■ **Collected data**
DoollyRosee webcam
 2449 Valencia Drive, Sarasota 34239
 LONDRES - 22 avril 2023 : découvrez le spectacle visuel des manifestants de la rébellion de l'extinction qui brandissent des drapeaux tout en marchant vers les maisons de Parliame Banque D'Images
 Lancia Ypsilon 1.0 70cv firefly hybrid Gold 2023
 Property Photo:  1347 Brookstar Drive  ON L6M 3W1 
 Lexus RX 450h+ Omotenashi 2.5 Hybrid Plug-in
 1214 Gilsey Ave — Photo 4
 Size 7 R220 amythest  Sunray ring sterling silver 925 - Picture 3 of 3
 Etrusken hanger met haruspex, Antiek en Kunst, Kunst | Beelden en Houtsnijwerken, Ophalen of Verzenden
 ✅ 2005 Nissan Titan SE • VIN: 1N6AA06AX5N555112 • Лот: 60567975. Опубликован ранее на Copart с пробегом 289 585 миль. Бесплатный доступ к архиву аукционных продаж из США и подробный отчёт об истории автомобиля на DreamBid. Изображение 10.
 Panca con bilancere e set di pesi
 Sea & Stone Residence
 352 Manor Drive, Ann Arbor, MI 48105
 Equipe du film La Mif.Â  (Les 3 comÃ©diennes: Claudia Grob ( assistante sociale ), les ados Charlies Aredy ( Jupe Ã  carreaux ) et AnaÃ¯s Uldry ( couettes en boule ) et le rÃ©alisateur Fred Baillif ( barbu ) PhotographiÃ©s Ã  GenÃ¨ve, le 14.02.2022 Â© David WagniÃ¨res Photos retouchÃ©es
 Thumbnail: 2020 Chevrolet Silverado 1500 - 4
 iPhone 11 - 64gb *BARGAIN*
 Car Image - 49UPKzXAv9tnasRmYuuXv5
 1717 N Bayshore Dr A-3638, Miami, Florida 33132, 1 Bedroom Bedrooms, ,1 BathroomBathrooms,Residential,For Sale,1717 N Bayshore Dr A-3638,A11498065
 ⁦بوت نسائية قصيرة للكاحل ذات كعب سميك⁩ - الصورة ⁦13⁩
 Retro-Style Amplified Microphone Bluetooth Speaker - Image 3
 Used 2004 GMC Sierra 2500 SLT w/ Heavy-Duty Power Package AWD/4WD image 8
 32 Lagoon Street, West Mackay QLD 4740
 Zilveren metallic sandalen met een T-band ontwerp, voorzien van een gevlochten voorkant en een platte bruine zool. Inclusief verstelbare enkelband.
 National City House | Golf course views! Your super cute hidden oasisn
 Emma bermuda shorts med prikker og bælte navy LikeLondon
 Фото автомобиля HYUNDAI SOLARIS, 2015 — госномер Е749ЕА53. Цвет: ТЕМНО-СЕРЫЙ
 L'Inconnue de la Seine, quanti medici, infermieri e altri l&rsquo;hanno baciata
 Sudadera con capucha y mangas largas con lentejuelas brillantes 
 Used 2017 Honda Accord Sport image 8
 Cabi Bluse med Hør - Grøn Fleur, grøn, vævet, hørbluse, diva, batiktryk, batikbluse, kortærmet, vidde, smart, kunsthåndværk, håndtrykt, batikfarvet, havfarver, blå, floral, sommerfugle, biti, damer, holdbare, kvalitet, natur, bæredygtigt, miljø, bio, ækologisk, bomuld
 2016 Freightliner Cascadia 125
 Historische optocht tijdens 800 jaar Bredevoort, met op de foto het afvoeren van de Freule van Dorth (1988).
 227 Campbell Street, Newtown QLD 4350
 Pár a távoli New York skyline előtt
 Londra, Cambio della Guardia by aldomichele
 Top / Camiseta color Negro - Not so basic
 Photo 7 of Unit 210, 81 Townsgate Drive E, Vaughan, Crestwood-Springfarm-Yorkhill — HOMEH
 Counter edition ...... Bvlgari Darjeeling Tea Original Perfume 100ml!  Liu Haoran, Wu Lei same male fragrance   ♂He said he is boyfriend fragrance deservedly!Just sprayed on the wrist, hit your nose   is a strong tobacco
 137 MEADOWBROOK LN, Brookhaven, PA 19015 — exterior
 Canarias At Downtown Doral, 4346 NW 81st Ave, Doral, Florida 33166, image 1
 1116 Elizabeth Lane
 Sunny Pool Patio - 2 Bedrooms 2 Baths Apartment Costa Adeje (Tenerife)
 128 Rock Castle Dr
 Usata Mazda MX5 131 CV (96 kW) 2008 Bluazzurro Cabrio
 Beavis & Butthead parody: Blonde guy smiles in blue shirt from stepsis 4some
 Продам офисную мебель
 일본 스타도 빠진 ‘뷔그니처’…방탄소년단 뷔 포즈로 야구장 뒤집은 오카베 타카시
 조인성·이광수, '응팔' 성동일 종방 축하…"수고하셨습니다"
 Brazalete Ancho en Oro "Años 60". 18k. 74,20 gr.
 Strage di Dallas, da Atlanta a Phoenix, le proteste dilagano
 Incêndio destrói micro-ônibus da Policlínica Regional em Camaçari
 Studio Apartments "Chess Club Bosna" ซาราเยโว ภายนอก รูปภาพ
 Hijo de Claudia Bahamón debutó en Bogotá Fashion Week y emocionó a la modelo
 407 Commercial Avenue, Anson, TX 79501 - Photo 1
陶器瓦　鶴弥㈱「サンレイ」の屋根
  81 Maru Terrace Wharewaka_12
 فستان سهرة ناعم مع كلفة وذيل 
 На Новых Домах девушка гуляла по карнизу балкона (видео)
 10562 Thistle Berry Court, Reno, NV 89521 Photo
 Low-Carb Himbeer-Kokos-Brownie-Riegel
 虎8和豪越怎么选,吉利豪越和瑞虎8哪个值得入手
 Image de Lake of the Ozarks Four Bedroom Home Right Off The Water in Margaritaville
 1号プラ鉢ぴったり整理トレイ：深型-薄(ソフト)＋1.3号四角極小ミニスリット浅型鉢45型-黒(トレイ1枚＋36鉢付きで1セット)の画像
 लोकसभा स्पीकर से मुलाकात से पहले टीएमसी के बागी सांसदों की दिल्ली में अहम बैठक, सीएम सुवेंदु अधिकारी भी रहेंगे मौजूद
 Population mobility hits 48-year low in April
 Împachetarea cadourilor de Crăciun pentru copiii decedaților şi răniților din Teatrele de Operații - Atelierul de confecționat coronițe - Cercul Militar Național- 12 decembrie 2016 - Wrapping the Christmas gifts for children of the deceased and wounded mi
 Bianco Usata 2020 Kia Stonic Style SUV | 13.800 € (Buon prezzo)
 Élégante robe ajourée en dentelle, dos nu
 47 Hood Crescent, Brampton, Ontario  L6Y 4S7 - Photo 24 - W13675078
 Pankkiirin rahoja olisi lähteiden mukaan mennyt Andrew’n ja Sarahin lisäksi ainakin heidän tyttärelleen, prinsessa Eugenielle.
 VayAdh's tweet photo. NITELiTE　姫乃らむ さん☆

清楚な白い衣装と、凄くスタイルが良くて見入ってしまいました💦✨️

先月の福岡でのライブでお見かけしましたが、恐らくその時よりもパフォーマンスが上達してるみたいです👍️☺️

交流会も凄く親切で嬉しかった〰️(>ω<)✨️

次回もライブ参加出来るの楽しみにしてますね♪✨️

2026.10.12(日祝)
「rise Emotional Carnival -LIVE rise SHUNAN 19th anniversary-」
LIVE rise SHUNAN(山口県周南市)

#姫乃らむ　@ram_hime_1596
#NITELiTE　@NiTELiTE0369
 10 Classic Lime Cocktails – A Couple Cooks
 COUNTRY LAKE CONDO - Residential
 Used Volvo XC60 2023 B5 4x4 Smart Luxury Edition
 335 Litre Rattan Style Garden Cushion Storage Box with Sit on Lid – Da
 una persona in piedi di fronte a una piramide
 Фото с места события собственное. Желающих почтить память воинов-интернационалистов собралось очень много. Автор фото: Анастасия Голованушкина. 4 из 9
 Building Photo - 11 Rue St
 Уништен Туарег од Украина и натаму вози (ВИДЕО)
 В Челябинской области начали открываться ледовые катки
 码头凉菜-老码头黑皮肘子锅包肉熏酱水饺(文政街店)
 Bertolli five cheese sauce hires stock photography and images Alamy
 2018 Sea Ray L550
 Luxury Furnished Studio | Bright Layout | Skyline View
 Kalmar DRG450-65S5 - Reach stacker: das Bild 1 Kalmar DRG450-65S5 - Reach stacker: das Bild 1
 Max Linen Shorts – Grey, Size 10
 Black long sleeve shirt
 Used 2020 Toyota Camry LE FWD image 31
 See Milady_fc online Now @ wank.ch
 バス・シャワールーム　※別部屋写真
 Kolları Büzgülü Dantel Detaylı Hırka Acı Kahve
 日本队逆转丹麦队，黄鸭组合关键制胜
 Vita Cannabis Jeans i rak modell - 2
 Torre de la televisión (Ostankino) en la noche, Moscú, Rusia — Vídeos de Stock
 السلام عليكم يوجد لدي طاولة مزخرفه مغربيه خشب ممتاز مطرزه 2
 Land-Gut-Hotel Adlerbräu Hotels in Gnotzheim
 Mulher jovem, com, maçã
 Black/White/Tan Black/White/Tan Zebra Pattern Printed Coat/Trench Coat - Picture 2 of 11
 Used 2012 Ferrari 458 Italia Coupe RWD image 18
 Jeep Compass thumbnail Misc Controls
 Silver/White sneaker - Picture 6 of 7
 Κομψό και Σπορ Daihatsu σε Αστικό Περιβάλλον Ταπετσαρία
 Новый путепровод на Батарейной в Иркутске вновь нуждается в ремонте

■ **Directions**
After locating the line holding "Mulher jovem, com, maçã" above, output exactly that line and every line after it through the line holding "Silver/White sneaker - Picture 6 of 7". Include nothing else.

■ **Reply to the exercise**
 Mulher jovem, com, maçã
 Black/White/Tan Black/White/Tan Zebra Pattern Printed Coat/Trench Coat - Picture 2 of 11
 Used 2012 Ferrari 458 Italia Coupe RWD image 18
 Jeep Compass thumbnail Misc Controls
 Silver/White sneaker - Picture 6 of 7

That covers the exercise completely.